### WHAT IS REQUIRED
Begin at the line containing "Momentum Therapeutics Health" in the data below and go on through the line containing "квартира г Когалым", repeating each line exactly; include both ends and no other line.

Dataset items

[Start of Attachment]

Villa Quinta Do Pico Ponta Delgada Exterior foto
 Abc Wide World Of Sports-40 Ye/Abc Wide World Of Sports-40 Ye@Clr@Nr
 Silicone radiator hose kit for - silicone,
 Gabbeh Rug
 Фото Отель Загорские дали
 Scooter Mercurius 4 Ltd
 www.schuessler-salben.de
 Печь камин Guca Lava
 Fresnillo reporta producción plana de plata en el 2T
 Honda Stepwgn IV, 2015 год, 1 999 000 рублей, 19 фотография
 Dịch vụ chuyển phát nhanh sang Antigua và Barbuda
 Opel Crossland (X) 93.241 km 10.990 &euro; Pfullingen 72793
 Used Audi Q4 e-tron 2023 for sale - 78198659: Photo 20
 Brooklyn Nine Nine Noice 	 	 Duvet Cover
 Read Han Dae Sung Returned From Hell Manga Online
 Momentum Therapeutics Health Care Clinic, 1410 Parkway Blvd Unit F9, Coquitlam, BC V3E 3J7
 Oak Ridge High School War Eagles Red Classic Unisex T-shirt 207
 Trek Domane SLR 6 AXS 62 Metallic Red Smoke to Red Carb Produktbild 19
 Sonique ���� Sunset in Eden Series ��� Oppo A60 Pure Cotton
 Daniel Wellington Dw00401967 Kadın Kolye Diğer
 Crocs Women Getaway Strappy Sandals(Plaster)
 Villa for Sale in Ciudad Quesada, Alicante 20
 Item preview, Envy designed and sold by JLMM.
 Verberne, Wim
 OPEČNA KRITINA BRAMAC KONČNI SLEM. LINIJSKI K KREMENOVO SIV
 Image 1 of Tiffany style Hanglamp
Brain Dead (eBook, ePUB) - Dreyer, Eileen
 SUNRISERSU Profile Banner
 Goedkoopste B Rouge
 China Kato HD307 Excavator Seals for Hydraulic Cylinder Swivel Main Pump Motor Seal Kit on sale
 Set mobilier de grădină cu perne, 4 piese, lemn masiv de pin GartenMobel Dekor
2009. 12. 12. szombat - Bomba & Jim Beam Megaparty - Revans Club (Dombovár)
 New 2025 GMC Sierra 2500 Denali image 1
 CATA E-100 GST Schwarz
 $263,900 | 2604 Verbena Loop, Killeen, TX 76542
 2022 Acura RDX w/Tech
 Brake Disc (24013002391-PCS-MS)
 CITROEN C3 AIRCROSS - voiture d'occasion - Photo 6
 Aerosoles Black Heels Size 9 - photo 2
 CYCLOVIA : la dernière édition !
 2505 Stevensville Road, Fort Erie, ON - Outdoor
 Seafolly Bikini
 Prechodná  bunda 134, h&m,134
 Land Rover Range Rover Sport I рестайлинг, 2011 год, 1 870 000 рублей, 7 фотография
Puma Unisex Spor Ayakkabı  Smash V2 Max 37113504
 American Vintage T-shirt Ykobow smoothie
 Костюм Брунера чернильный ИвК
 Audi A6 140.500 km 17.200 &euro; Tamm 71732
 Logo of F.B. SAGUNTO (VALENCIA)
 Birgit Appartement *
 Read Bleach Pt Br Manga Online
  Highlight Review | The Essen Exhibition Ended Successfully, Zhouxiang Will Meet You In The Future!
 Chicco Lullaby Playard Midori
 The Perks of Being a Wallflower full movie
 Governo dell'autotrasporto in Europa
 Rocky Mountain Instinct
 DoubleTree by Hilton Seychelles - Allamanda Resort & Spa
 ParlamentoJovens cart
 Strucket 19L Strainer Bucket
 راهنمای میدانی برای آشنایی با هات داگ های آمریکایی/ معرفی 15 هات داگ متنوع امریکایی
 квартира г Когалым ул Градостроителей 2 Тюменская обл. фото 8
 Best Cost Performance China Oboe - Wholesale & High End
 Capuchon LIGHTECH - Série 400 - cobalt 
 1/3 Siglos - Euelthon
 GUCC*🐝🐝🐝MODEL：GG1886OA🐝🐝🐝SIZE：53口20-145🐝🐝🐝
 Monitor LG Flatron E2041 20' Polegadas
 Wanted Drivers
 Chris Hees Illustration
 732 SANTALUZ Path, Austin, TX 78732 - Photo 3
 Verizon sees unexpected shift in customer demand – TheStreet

[End of Attachment]

### EXERCISE RESPONSE
 Momentum Therapeutics Health Care Clinic, 1410 Parkway Blvd Unit F9, Coquitlam, BC V3E 3J7
 Oak Ridge High School War Eagles Red Classic Unisex T-shirt 207
 Trek Domane SLR 6 AXS 62 Metallic Red Smoke to Red Carb Produktbild 19
 Sonique ���� Sunset in Eden Series ��� Oppo A60 Pure Cotton
 Daniel Wellington Dw00401967 Kadın Kolye Diğer
 Crocs Women Getaway Strappy Sandals(Plaster)
 Villa for Sale in Ciudad Quesada, Alicante 20
 Item preview, Envy designed and sold by JLMM.
 Verberne, Wim
 OPEČNA KRITINA BRAMAC KONČNI SLEM. LINIJSKI K KREMENOVO SIV
 Image 1 of Tiffany style Hanglamp
Brain Dead (eBook, ePUB) - Dreyer, Eileen
 SUNRISERSU Profile Banner
 Goedkoopste B Rouge
 China Kato HD307 Excavator Seals for Hydraulic Cylinder Swivel Main Pump Motor Seal Kit on sale
 Set mobilier de grădină cu perne, 4 piese, lemn masiv de pin GartenMobel Dekor
2009. 12. 12. szombat - Bomba & Jim Beam Megaparty - Revans Club (Dombovár)
 New 2025 GMC Sierra 2500 Denali image 1
 CATA E-100 GST Schwarz
 $263,900 | 2604 Verbena Loop, Killeen, TX 76542
 2022 Acura RDX w/Tech
 Brake Disc (24013002391-PCS-MS)
 CITROEN C3 AIRCROSS - voiture d'occasion - Photo 6
 Aerosoles Black Heels Size 9 - photo 2
 CYCLOVIA : la dernière édition !
 2505 Stevensville Road, Fort Erie, ON - Outdoor
 Seafolly Bikini
 Prechodná  bunda 134, h&m,134
 Land Rover Range Rover Sport I рестайлинг, 2011 год, 1 870 000 рублей, 7 фотография
Puma Unisex Spor Ayakkabı  Smash V2 Max 37113504
 American Vintage T-shirt Ykobow smoothie
 Костюм Брунера чернильный ИвК
 Audi A6 140.500 km 17.200 &euro; Tamm 71732
 Logo of F.B. SAGUNTO (VALENCIA)
 Birgit Appartement *
 Read Bleach Pt Br Manga Online
  Highlight Review | The Essen Exhibition Ended Successfully, Zhouxiang Will Meet You In The Future!
 Chicco Lullaby Playard Midori
 The Perks of Being a Wallflower full movie
 Governo dell'autotrasporto in Europa
 Rocky Mountain Instinct
 DoubleTree by Hilton Seychelles - Allamanda Resort & Spa
 ParlamentoJovens cart
 Strucket 19L Strainer Bucket
 راهنمای میدانی برای آشنایی با هات داگ های آمریکایی/ معرفی 15 هات داگ متنوع امریکایی
 квартира г Когалым ул Градостроителей 2 Тюменская обл. фото 8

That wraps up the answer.